# Introduction

TensorFlow Lite (TFLite) is a lightweight version of TensorFlow, an open-source machine learning framework developed by Google. TFLite is designed specifically for running machine learning models on edge devices with limited computational resources, such as mobile devices, IoT (Internet of Things) devices, and embedded systems.

TFLite allows developers to deploy trained TensorFlow models on these edge devices, enabling on-device inference without requiring a constant internet connection or relying on cloud services. This is particularly useful for applications where low latency, privacy, and offline operation are important considerations.

Key features of TensorFlow Lite include:

1. **Model Optimization**: TFLite provides tools and techniques for optimizing TensorFlow models for deployment on edge devices, including quantization, model pruning, and post-training quantization.

2. **Interpreter**: TFLite includes an interpreter that allows models to be executed efficiently on various hardware platforms, including CPUs, GPUs, and specialized accelerators like Neural Processing Units (NPUs) and Graphics Processing Units (GPUs).

3. **Flexibility**: TFLite supports a wide range of TensorFlow model architectures, including convolutional neural networks (CNNs), recurrent neural networks (RNNs), and custom models built using TensorFlow's high-level APIs.

4. **Portability**: TFLite models can be easily ported across different platforms and operating systems, including Android, iOS, Linux, and microcontroller-based systems.

5. **Integration**: TFLite seamlessly integrates with popular development environments and frameworks, such as Android Studio, TensorFlow.js, and TensorFlow Lite for Microcontrollers.

Overall, TensorFlow Lite provides a streamlined solution for deploying machine learning models on edge devices, enabling efficient inference and real-time decision-making in resource-constrained environments.

# Example

An example on how to use TFLite using a simple Neural Network is given below.

In [None]:
import numpy as np
import tensorflow as tf

# Step 1: Create and train a simple neural network
# Generate some dummy data for demonstration
X_train = np.random.rand(100, 10)
y_train = np.random.randint(0, 2, size=(100,))

model = tf.keras.Sequential([
    tf.keras.layers.Dense(64, activation='relu', input_shape=(10,)),
    tf.keras.layers.Dense(32, activation='relu'),
    tf.keras.layers.Dense(1, activation='sigmoid')
])

model.compile(optimizer='adam',
              loss='binary_crossentropy',
              metrics=['accuracy'])

model.fit(X_train, y_train, epochs=10, batch_size=32)

# Step 2: Save the TensorFlow model
model.export("../models/model.pb")

# Step 3: Convert the TensorFlow model to TFLite
converter = tf.lite.TFLiteConverter.from_saved_model("../models/model.pb")
converter.optimizations = [tf.lite.Optimize.DEFAULT]
tflite_model = converter.convert()

# Save the TFLite model to a file
with open('../models/model.tflite', 'wb') as f:
    f.write(tflite_model)

print("TFLite model saved successfully!")
# https://github.com/tensorflow/tensorflow/issues/63987

# Exercises

## Exercise 1: Reduced model size

Check the size of the model.

In [None]:
import os

original_model_size = os.path.getsize('../models/model.pb')

# Get the size of the converted TFLite model file
tflite_model_size = os.path.getsize('../models/model.tflite')

# Print the sizes of the original model and the converted TFLite model
print(f"Original TensorFlow model size: {original_model_size} bytes")
print(f"Converted TFLite model size: {tflite_model_size} bytes")

The size of the lite model is actually larger.

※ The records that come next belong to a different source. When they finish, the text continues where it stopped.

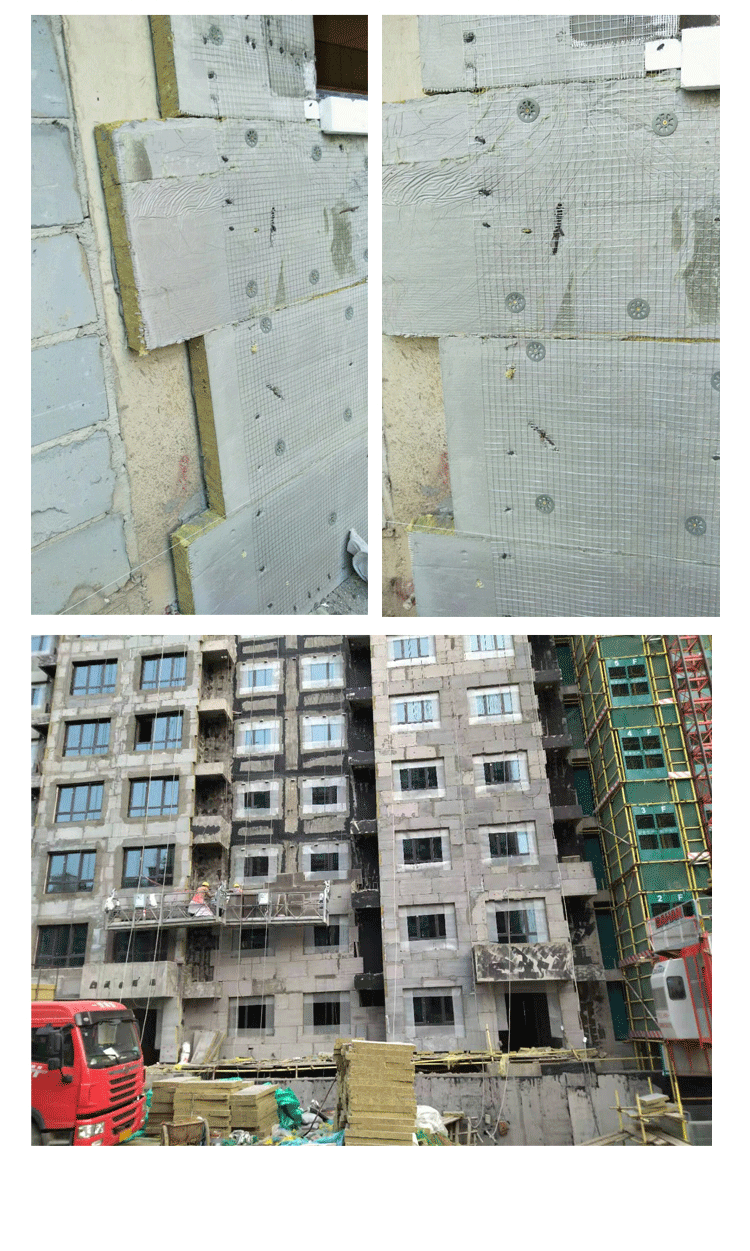 详情_18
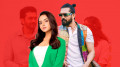 আরিফিন শুভর নায়িকা কেয়া পায়েল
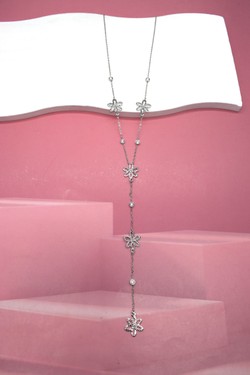 COJ298298R-ARGENT
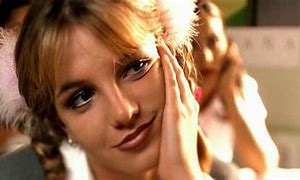 Image result for 1999 Music
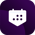 hex-logo--apps-module-2-Agenda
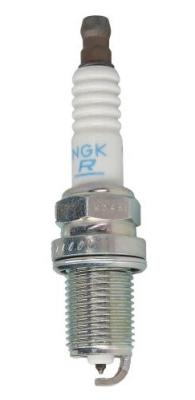 Zündkerze NGK PFR6Q 6458 - VW / Audi 1.8 Turbo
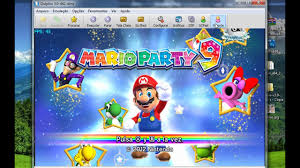Listado completo con todos los juegos de wii u que existen o que van a ser lanzados al mercado. Descargar Mario Party 9 Wii Espanol Utorrent Descargar Mario Party 9 Por Torrent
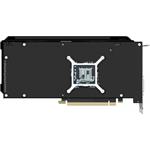 PALIT GeForce GTX 1060 Super JetStream, 6GB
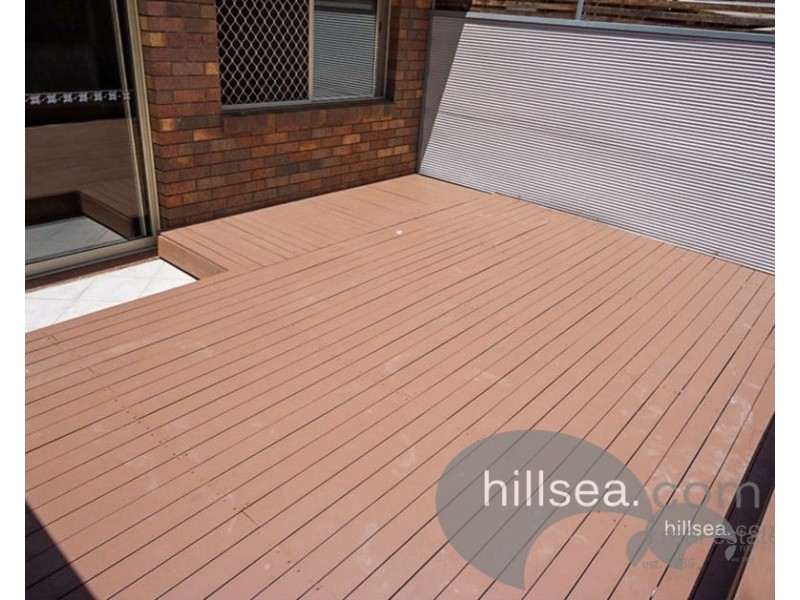 10/81 Olsen Avenue, Labrador QLD 4215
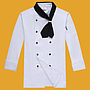 Chef Uniform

This is because we've taken a small example neural network. When using a larger network, the difference will be more obvious.

## Exercise 2

Now use your saved RNN prediction model and convert it.

Tip: Use `model.export(filepath)` if you want to export a SavedModel for use with TFLite/TFServing/etc. Received: filepath=simple_nn_model.pb.

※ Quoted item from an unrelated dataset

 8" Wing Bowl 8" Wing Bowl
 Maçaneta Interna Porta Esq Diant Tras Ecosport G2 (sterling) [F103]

If you want to optimize the model further, check out: https://www.tensorflow.org/lite/performance/model_optimization

In [None]:

converter = tf.lite.TFLiteConverter.from_saved_model("../models/model.pb")
converter.target_spec.supported_ops = [tf.lite.OpsSet.TFLITE_BUILTINS, tf.lite.OpsSet.SELECT_TF_OPS]
converter.optimizations = [tf.lite.Optimize.DEFAULT]
tflite_model = converter.convert()

# Save the TFLite model to a file
with open('../models/model.tflite', 'wb') as f:
    f.write(tflite_model)


In [None]:
original_model_size = os.path.getsize('../models/model.pb')

# Get the size of the converted TFLite model file
tflite_model_size = os.path.getsize('../models/model.tflite')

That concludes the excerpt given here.